Per cui sì, la Serie A riparte, ma l’avvio di Inter e Milan sarà segnato da un’anomalia evidente sugli spalti: curve ridotte al silenzio, niente cori, niente striscioni. Sul fronte rossonero, la contestazione nasce dalle restrizioni imposte dalla società. Il Milan ha introdotto un sistema di autorizzazione preventiva per gli striscioni: il risultato è che molti volti storici non hanno ottenuto il via libera. Diversi componenti della Curva Sud, anche dirigenti, sono stati inseriti in una blacklist che impedisce loro l’abbonamento nel settore. Una misura che i gruppi considerano repressione. Marco “Pacio” Pacini, storico esponente della Sud, a Sportitalia ha parlato di follia: “Oggi sono permessi solo cinque striscioni. ‘Fossa dei Leoni’ vietata, ‘Brigate Rossonere’ vietate, persino la bandiera di Kilpin e quella di Baresi”. Un impoverimento che colpisce simboli, tradizioni e identità. In casa Inter la situazione non è diversa. La Curva Nord ha deciso di non entrare allo stadio: nessun coro, nessuno striscione, ultras fuori dal Meazza. La presa di posizione sarà ufficializzata con un comunicato il 25 agosto, ma la scelta è già chiara. Anche qui la motivazione è legata alle blacklist, con diversi nomi esclusi dalla campagna abbonamenti. E non basta: la Questura avrebbe già predisposto l’identificazione dei tifosi che resteranno fuori a protestare, con la possibilità di allargare ulteriormente la lista dei banditi. Il clima è complicato: già dallo scorso anno erano stati vietati striscioni storici del primo anello verde (“Old Fans”, “Viking”, “Brigata”, “Boys”), a cui ora si aggiunge il blocco delle bandiere.
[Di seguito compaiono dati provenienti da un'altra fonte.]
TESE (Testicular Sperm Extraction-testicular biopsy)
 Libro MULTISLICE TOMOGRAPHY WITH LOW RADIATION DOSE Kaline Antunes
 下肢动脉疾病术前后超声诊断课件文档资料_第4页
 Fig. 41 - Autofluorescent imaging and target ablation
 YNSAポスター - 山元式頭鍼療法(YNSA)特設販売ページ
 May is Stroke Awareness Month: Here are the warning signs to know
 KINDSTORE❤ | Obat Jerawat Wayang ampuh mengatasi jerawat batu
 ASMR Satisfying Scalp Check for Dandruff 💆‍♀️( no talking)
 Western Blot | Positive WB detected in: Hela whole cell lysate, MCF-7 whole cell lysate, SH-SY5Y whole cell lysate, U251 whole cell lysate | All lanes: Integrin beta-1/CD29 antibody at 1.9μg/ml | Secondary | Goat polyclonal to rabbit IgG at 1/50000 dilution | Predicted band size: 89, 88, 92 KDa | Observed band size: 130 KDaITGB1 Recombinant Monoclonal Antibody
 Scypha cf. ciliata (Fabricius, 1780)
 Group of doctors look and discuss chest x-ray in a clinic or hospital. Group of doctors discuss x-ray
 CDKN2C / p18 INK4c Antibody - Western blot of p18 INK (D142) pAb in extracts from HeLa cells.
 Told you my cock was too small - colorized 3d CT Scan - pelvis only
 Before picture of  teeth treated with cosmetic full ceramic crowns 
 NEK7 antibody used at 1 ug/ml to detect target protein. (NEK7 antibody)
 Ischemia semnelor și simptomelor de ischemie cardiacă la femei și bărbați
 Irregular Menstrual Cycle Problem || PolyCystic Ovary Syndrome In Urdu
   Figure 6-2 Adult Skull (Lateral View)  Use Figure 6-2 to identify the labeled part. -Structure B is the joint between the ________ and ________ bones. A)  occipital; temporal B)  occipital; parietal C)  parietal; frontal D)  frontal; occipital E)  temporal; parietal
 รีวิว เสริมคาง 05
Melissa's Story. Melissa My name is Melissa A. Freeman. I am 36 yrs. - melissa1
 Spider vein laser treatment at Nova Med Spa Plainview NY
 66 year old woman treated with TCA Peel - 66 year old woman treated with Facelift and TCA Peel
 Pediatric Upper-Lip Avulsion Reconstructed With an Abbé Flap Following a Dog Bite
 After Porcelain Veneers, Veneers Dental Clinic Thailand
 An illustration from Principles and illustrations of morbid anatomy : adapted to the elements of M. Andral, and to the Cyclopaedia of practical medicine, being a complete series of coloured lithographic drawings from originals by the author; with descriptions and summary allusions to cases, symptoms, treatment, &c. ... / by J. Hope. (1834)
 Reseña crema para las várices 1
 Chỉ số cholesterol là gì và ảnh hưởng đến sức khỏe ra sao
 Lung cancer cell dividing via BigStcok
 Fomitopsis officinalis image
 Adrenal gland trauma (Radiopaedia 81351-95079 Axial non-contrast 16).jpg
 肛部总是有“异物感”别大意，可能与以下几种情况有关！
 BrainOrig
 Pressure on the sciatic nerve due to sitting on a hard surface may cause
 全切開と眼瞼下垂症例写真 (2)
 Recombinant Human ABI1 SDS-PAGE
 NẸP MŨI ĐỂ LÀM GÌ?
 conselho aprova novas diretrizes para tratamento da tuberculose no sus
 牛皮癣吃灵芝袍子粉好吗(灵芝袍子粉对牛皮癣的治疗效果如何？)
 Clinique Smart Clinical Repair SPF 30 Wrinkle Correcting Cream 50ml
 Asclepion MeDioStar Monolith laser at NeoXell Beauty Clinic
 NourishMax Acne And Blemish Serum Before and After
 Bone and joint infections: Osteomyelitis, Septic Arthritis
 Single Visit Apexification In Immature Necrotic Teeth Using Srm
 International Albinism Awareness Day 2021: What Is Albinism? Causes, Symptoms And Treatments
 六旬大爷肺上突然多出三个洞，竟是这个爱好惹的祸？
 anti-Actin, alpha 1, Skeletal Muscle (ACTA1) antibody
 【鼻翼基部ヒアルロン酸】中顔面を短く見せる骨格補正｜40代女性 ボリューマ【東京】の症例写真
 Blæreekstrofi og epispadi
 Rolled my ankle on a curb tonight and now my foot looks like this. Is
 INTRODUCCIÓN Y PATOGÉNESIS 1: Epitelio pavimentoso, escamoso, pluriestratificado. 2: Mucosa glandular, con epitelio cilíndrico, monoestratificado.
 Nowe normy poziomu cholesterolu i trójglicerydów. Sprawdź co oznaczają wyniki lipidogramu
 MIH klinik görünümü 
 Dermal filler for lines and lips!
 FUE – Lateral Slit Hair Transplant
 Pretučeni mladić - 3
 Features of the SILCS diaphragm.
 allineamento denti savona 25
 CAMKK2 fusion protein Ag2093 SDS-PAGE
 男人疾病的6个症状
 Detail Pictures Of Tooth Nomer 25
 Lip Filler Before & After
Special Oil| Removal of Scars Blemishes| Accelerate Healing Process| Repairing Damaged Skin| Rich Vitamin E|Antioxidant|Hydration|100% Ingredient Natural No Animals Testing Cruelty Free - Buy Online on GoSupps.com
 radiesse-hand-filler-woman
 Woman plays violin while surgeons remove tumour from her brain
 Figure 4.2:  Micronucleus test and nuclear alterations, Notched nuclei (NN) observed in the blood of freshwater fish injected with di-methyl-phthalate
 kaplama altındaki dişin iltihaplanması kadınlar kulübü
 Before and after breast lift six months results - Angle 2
La società ha scelto il silenzio legale, senza rispondere ai rappresentanti della Nord, a differenza del Milan che almeno ha motivato ufficialmente le esclusioni. Il risultato? San Siro rischia di trasformarsi in un campo neutro: Inter e Milan giocheranno in casa senza il tifo delle loro curve. Una Serie A che si apre in un clima surreale, lontano dall’essenza del calcio italiano, che senza la voce dei suoi tifosi non è più la stessa cosa.